Our algorithm is Soft Actor-Critic. The one with graph representation is
under ./Graph_SAC
and the original one with fully-connected network is under ./SAC
. For using
Graph Neural Network architecture, we use the implementation of
torchgraph developed for the paper:
Explainability Techniques for Graph Convolutional Networks.
For the LRP implementation, we use this repository developed for the same paper.
The python version is 3.8.10
.
The first step before running the project is to install MuJoCo 2.1
:
$ wget https://github.com/deepmind/mujoco/releases/download/2.1.0/mujoco210-linux-x86_64.tar.gz
$ tar -xvf mujoco210-linux-x86_64.tar.gz
$ mv mujoco210 ~/.mujoco/
$ pip3 install -U 'mujoco-py<2.2,>=2.1'
Download the project file into the $HOME/Documents
folder.
Then add the following lines to the ~/.bashrc
file:
export LD_LIBRARY_PATH=$LD_LIBRARY_PATH:$HOME/.mujoco/mujoco210/bin
export PYTHONPATH=$PYTHONPATH:$HOME/Documents/SAC_GCN
Then install the requirements of the project:
$ pip3 install -r requirements.txt
To run the experiments with graph representation of the robot, run the following command:
$ python $MAIN_FILE --env-name {ENV-NAME} --exp-type graph
where the MAIN_FILE
is the absolute path to the /Controller/graph/main.py
file. For a complete set of arguments, please
check out the main.py
file. The ENV-NAME
can be the following names:
FetchReach-v2
Walker2d-v2
HalfCheetah-v2
Hopper-v2
After training the agent using graph networks, the Layer-wise Relevance Propagation (LRP)

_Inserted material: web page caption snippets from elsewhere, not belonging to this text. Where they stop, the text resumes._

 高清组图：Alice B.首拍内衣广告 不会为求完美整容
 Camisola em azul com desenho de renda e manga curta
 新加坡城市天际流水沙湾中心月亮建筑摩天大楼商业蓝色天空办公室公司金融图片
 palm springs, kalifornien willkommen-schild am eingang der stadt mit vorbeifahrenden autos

is applied to highlight the contribution of each part of the robot to the decision making. The data
for experiments are saved under ./Data/{ENV-NAME}/graph
.
After the convergence of the policy, the LRP is applied to the learned policy to calculate the relevance scores given
by each action to each entity across time-steps. To run LRP for the ENV-NAME
environment,
run the following:
$ python $EVALUATE --env-name {ENV-NAME} --exp-type graph
where EVALUATE
is the absolute path to the ./Evaluate/evaluate.py
file. The result of
running this file would be stored under ./Data/{ENV-NAME}/graph/edge_relevance.pkl
and ./Data/{ENV-NAME}/graph/global_relevance.pkl
, which contains the relevance scores given
to edge and global units of the input graph, respectively.

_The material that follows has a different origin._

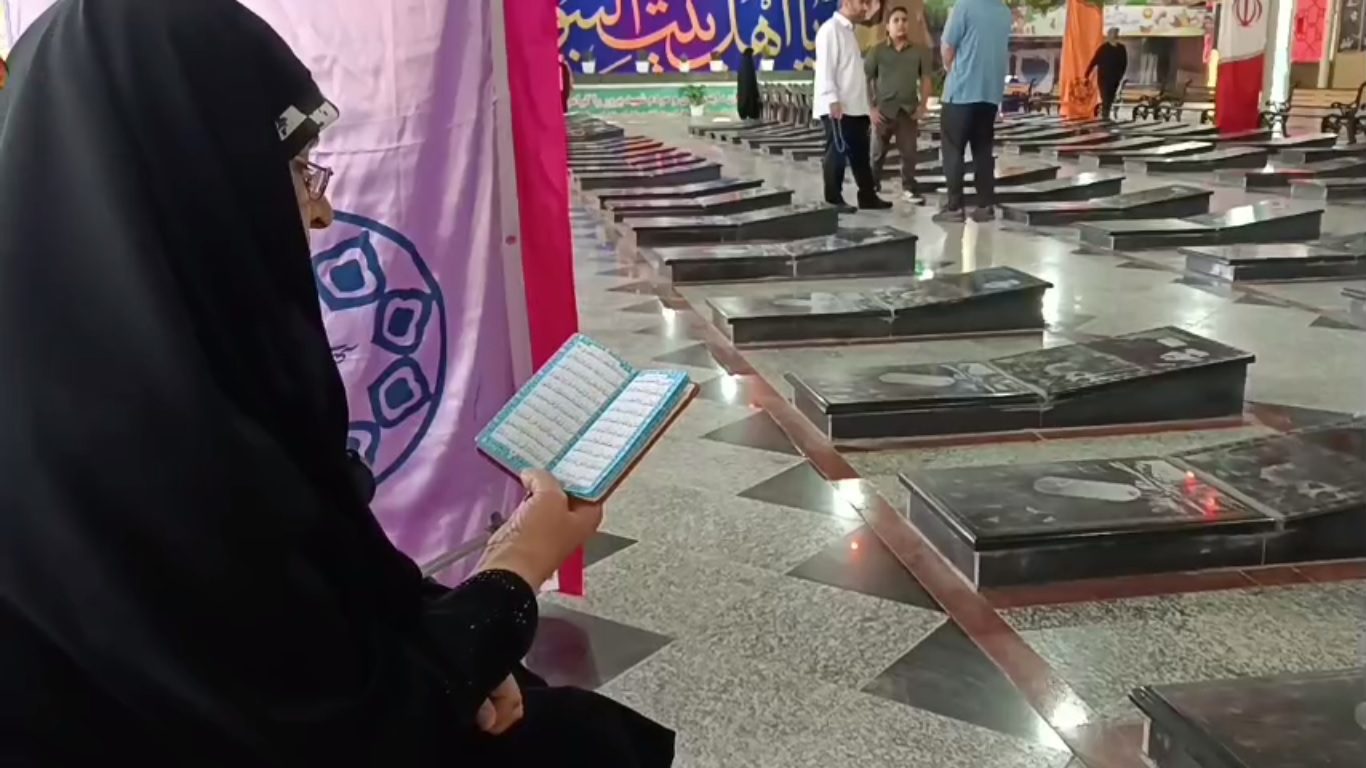 غرفه‌های فرهنگی به یاد شهدا هر پنجشنبه در گلزار شهدای ملارد برپا می‌شود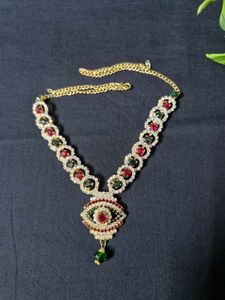 NECKLACE WITH EARRINGS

In this phase, the results of the first phase are evaluated by either the following experiments:
- Occluding the entity's features in the observation space, which validates its relevance score.
- Blocking the joint which validates the importance of each joint in the action space.
In each of the above, based on the amount of drop in their performance, their relevance scores are validated.
For more information, please refer to the paper.
For all the following commands, $MAIN_FILE
is the absolute path to the
./Controller/basic/main.py
file.
For running experiments in the standard setting, just run the following:
$ python $MAIN_FILE --env-name {ENV-NAME} --exp-type standard
To run experiments for the occlusion case, use the following command:
$ python $MAIN_FILE --env-name {ENV-NAME} --exp-type {ENTITY-NAME}
where ENTITY-NAME
is the name of the entity we want to occlude. For each environment, the list
of the ENTITY-NAME
s' are appeared in the following:
FetchReach-v2
- goal
- shoulder_pan_joint
- shoulder_lift_joint
- upperarm_roll_joint
- wrist_flex_joint
- forearm_roll_joint
- wrist_roll_joint
- elbow_flex_joint
Walker2d-v2
- torso
- foot_joint
- leg_joint
- thigh_joint
- foot_left_joint
- leg_left_joint
- thigh_left_joint
HalfCheetah-v2
- torso
- bfoot
- bshin
- bthigh
- ffoot
- fshin
- fthigh
Hopper-v2
- torso
- foot_joint
- leg_joint
- thigh_joint
For running experiments for the blockage case, use the following command:
$ python $MAIN_FILE --env-name {BROKEN-ENV-NAME} --exp-type {JOINT-NAME}
where BROKEN-ENV-NAME
is the name of the environment with broken joint, as appeared in the
following list:
FetchReachBroken-v2
Walker2dBroken-v2
HalfCheetahBroken-v2
HopperBroken-v2
and JOINT-NAME
is the name of the joint we want to block. For each environment,
the list of the JOINT-NAME
s' are appeared in the following:
FetchReachBroken-v2
- shoulder_pan_joint
- shoulder_lift_joint
- upperarm_roll_joint
- wrist_flex_joint
- forearm_roll_joint
- wrist_roll_joint
- elbow_flex_joint
Walker2dBroken-v2
- foot_joint
- leg_joint
- thigh_joint
- foot_left_joint
- leg_left_joint
- thigh_left_joint
HalfCheetahBroken-v2
- bfoot
- bshin
- bthigh
- ffoot
- fshin
- fthigh
HopperBroken-v2
- foot_joint
- leg_joint
- thigh_joint
Note that these experiments use the original SAC algorithm with fully-connected networks
under the ./SAC
directory. For each environment, the resulting data is stored under the following
directories:
- For the occlusion case:
./Data/{ENV-NAME}/{ENTITY-NAME}
- For the blockage case:
./Data/{BROKEN-ENV-NAME}/{JOINT-NAME}
To plot the results of the experiments, run the following code:
$ python $PLOT --env-name {ENV-NAME}
where $PLOT
is the absolute path to the ./Plots/plot.py
file.
The result would be stored under ./Result/{ENV-NAME}.jpg
.
For further information about the method and results, please refer to our paper:
@article{taghian2024explainability,
title={Explainability of deep reinforcement learning algorithms in robotic domains by using Layer-wise Relevance Propagation},
author={Taghian, Mehran and Miwa, Shotaro and Mitsuka, Yoshihiro and G{\"u}nther, Johannes and Golestan, Shadan and Zaiane, Osmar},
journal={Engineering Applications of Artificial Intelligence},
volume={137},
pages={109131},
year={2024},
publisher={Elsevier}
}